MIME-Version: 1.0
From: "Jason A. Donenfeld" <Jason@zx2c4.com>
Date: Fri, 16 Dec 2016 22:01:10 +0100
Message-ID: <CAHmME9pz=syTiLXUsbXFyGdbGK6pxbnU+TVLDkbYiTa-9+sckQ@mail.gmail.com>
Subject: Re: [kernel-hardening] Re: [PATCH v5 1/4] siphash: add
 cryptographically secure PRF
To: kernel-hardening@lists.openwall.com, "Theodore Ts'o" <tytso@mit.edu>,
        George Spelvin <linux@sciencehorizons.net>, Jason <Jason@zx2c4.com>,
        Andi Kleen <ak@linux.intel.com>, David Miller <davem@davemloft.net>,
        David Laight <David.Laight@aculab.com>,
        "Daniel J . Bernstein" <djb@cr.yp.to>,
        Eric Biggers <ebiggers3@gmail.com>,
        Hannes Frederic Sowa <hannes@stressinduktion.org>,
        Jean-Philippe Aumasson <jeanphilippe.aumasson@gmail.com>,
        Linux Crypto Mailing List <linux-crypto@vger.kernel.org>,
        LKML <linux-kernel@vger.kernel.org>,
        Andy Lutomirski <luto@amacapital.net>, Netdev <netdev@vger.kernel.org>,
        Tom Herbert <tom@herbertland.com>,
        Linus Torvalds <torvalds@linux-foundation.org>,
        Vegard Nossum <vegard.nossum@gmail.com>
Content-Type: text/plain; charset=UTF-8
Sender: linux-kernel-owner@vger.kernel.org
Content-Length: 3015
Lines: 57

Hi Ted,

On Fri, Dec 16, 2016 at 9:43 PM, Theodore Ts'o <tytso@mit.edu> wrote:
> What should we do with get_random_int() and get_random_long()?  In
> some cases it's being used in performance sensitive areas, and where
> anti-DoS protection might be enough.  In others, maybe not so much.
>
> If we rekeyed the secret used by get_random_int() and
> get_random_long() frequently (say, every minute or every 5 minutes),
> would that be sufficient for current and future users of these
> interfaces?

get_random_int() and get_random_long() should quite clearly use
SipHash with its secure 128-bit key and not HalfSipHash with its
64-bit key. HalfSipHash is absolutely insufficient for this use case.
Remember, we're already an order of magnitude or more faster than
md5...

With regard to periodic rekeying... since the secret is 128-bits, I
believe this is likely sufficient for _not_ rekeying. There's also the
chaining variable, to tie together invocations of the function. If
you'd prefer, instead of the chaining variable, we could use some
siphash output to mutate the original key, but I don't think this
approach is actually better and might introduce vulnerabilities. In my
opinion chaining+128bitkey is sufficient. On the other hand, rekeying
every X minutes is 3 or 4 lines of code. If you want (just say so),
I'll add this to my next revision.

You asked about the security requirements of these functions. The
comment says they're not cryptographically secure. And right now with
MD5 they're not. So the expectations are pretty low. Moving to siphash
adds some cryptographic security, certainly. Moving to siphash plus
rekeying adds a bit more. Of course, on recent x86, RDRAND is used
instead, so the cryptographic strength then depends on the thickness
of your tinfoil hat. So probably we shouldn't change what we advertise
these functions provide, even though we're certainly improving them
performance-wise and security-wise.

> P.S.  I'll note that my performance figures when testing changes to
> get_random_int() were done on a 32-bit x86; Jason, I'm guessing your
> figures were using a 64-bit x86 system?.  I haven't tried 32-bit ARM
> or smaller CPU's (e.g., mips, et. al.) that might be more likely to be
> used on IoT devices, but I'm worried about those too, of course.

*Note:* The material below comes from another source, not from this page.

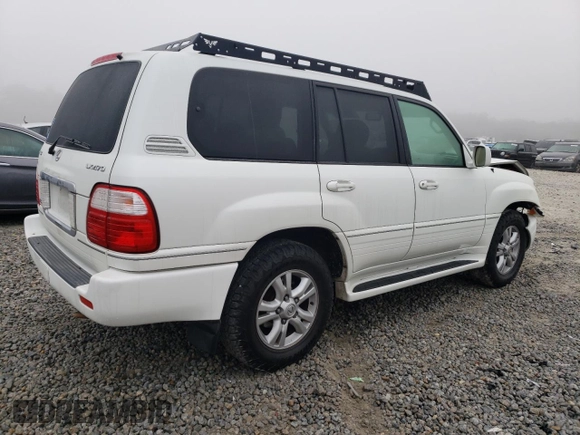 2004 Lexus LX 470 with VIN JTJHT00W343547828, listed as a Copart auction lot 48982045 with 196,877 mi miles and Salvage Title. Bid and sale history available at DreamBid. Image 3.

Yes, on x86-64. But on i386 chacha20 incurs nearly the same kind of
slowdown as siphash, so I expect the comparison to be more or less
equal. There's another thing I really didn't like about your chacha20
approach which is that it uses the /dev/urandom pool, which means
various things need to kick in in the background to refill this.
Additionally, having to refill the buffered chacha output every 32 or
so longs isn't nice. These things together make for inconsistent and
hard to understand general operating system performance, because
get_random_long is called at every process startup for ASLR. So, in
the end, I believe there's another reason for going with the siphash
approach: deterministic performance.

Jason